His enthusiasm and happiness delighted me, and I congratulated myself upon my own work. Yet I felt inwardly some jealousy, and I could not help envying a lot which I might have kept for myself.

M. Daridolo and M. Barbaro having been also invited by Charles, I went with them to P----. We found the dinner-table laid out in the rector's house by the servants of Count Algarotti, who was acting as Charles's father, and having taken upon himself all the expense of the wedding, had sent his cook and his major-domo to P----.

When I saw Christine, the tears filled my eyes, and I had to leave the room. She was dressed as a country girl, but looked as lovely as a nymph. Her husband, her uncle, and Count Algarotti had vainly tried to make her adopt the Venetian costume, but she had very wisely refused.

"As soon as I am your wife," she had said to Charles, "I will dress as you please, but here I will not appear before my young companions in any other costume than the one in which they have always seen me. I shall thus avoid being laughed at, and accused of pride, by the girls among whom I have been brought up."
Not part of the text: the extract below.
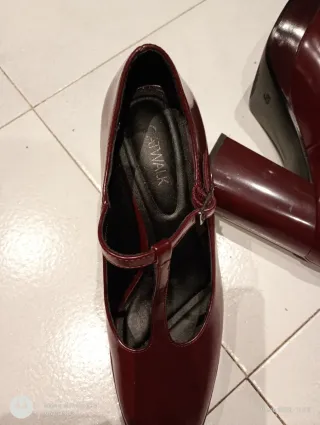Zapatos Mery Jane Tacón Bloque Charol bourdeos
There was in these words something so noble, so just, and so generous, that Charles thought his sweetheart a supernatural being. He told me that he had enquired, from the woman with whom Christine had spent a fortnight, about the offers of marriage she had refused at that time, and that he had been much surprised, for two of those offers were excellent ones.

"Christine," he added, "was evidently destined by Heaven for my happiness, and to you I am indebted for the precious possession of that treasure."

His gratitude pleased me, and I must render myself the justice of saying that I entertained no thought of abusing it. I felt happy in the happiness I had thus given.

We repaired to the church towards eleven o'clock, and were very much astonished at the difficulty we experienced in getting in. A large number of the nobility of Treviso, curious to ascertain whether it was true that the marriage ceremony of a country girl would be publicly performed during Lent when, by waiting only one month, a dispensation would have been useless, had come to P----. Everyone wondered at the permission having been obtained from the Pope, everyone imagined that there was some extraordinary reason for it, and was in despair because it was impossible to guess that reason. In spite of all feelings of envy, every face beamed with pleasure and satisfaction when the young couple made their appearance, and no one could deny that they deserved that extraordinary distinction, that exception to all established rules.

A certain Countess of Tos...., from Treviso, Christine's god-mother, went up to her after the ceremony, and embraced her most tenderly, complaining that the happy event had not been communicated to her in Treviso. Christine, in her artless way, answered with as much modesty as sweetness, that the countess ought to forgive her if she had failed in her duty towards her, on account of the marriage having been decided on so hastily. She presented her husband, and begged Count Algarotti to atone for her error towards her god-mother by inviting her to join the wedding repast, an invitation which the countess accepted with great pleasure. That behaviour, which is usually the result of a good education and a long experience of society, was in the lovely peasant-girl due only to a candid and well-balanced mind which shone all the more because it was all nature and not art.

As they returned from the church, Charles and Christine knelt down before the young wife's mother, who gave them her blessing with tears of joy.

Dinner was served, and, of course, Christine and her happy spouse took the seats of honour. Mine was the last, and I was very glad of it, but although everything was delicious, I ate very little, and scarcely opened my lips.

Christine was constantly busy, saying pretty things to every one of her guests, and looking at her husband to make sure that he was pleased with her.